Phillips and Paul had had wills drawn up just before Paul was murdered, but Paul hadn’t finalized his or signed it. He had, however, signed a will several years before the couple met when his family started a business.

The will specified all property would revert to the family. Although she transmitted the original will to the Court,  she never filed her own application to probate the will even though she had knowledge of the proceeding.

For Phillips, Judge Thompson’s declaration of informal marriage was vindication. “It was special to get the declaration,” he said. “The court said we were married.”

While this isn’t the first case of a posthumous declaration of common law marriage, it is the first involving a homicide.
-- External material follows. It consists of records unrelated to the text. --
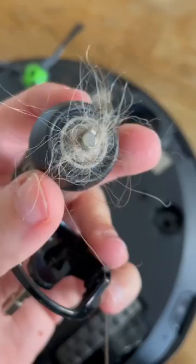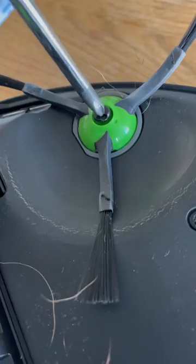Next, unscrew the edge sweeping brush to reveal hidden hair and debris.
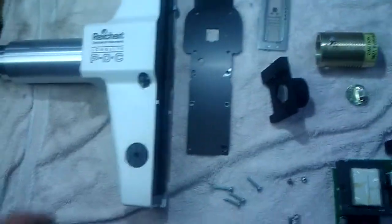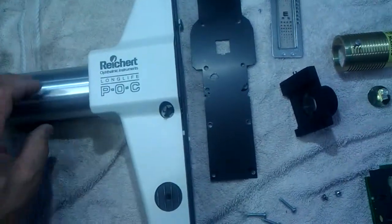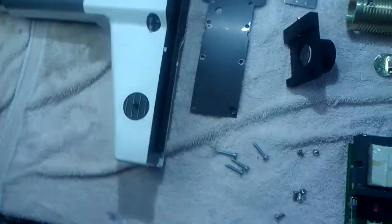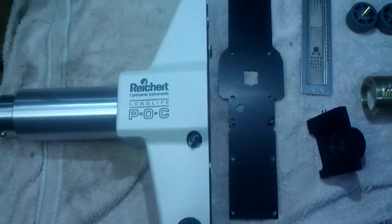We've got this Rikert projector here. It's a model 12084. It's a manual projector, but it's a good projector.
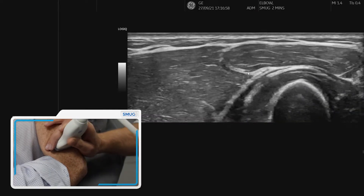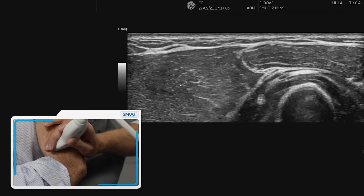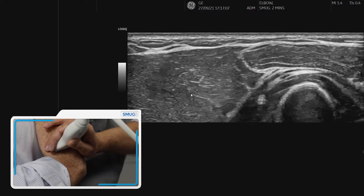Now if we move slightly superiorly, this is the muscle belly of ECRB, which is continuous with the muscle belly of ECRL — which remember doesn't attach onto the lateral epicondyle.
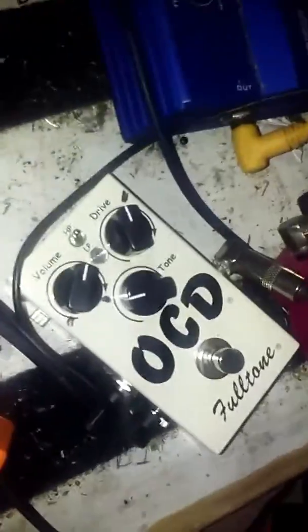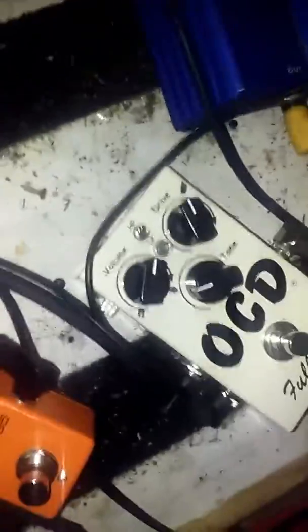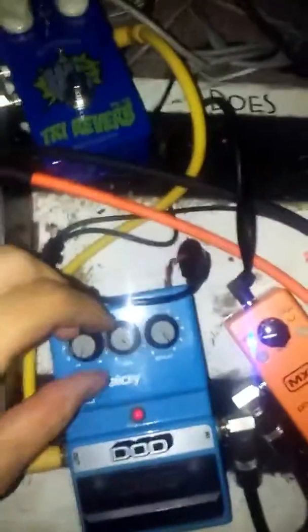I was just messing around and making a ton of noise, and I just happened to notice when I pressed this pedal — the OCD — while I was making feedback, it actually changed the sound of the feedback. So what I did was I looped it, and I ended up with this kind of arpeggiated sort of delay pedal.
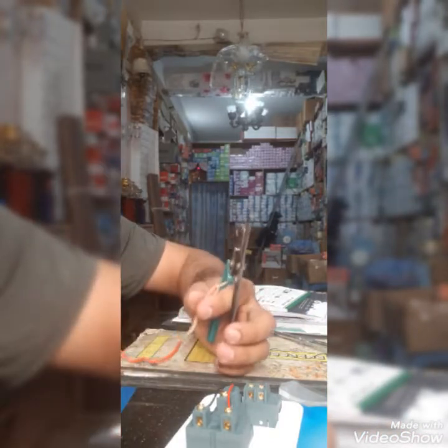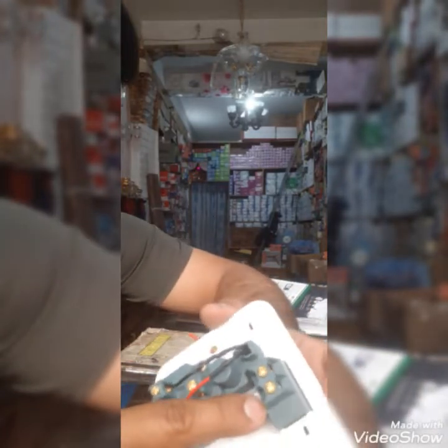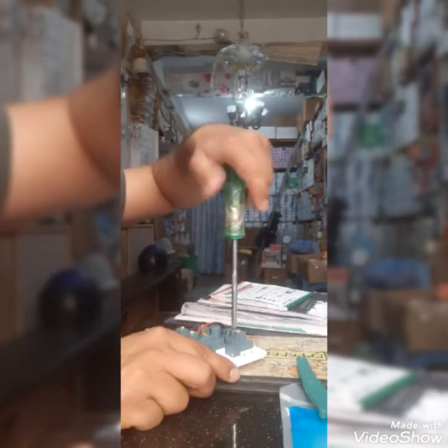This is the car. This is a screw. Let's do this. There are two sides of this side.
Lambda Legal attorney Shelly Skeen said the case is “one more example of Texas courts following Obergefell. What applies to opposite-sex couples applies to same-sex couples.”

While Skeen wasn’t worried about Dallas judges following the law, she said, it was important for there to be precedent for smaller, rural counties that rarely handle cases involving same-sex couples. She said that precedent would be set in Texas’ largest cities, because this is one of just a few states that recognize common law or informal marriage.

Skeen said one thing the case demonstrates is how important wills still are. Marriage, she said, confers certain rights and benefits, but property acquired before marriage could still be challenged. A spouse could also be forced to prove in court that other property was acquired during marriage, and that could be difficult in some cases, expensive to defend and not something someone who just lost a spouse should be put through.

For Phillips, the ruling is important because it may now lead to a break in his husband’s murder.

The couple had been renovating their house, and the night he died, the dust from the remodel was causing Paul’s asthma to act up. While Phillips was away, Paul left on foot to spend the night elsewhere. But somewhere on Elmwood Boulevard near Rugged Drive, less than a mile from their house, tragedy struck. Neighbors at the time told police they heard men arguing in the street, then a gunshot.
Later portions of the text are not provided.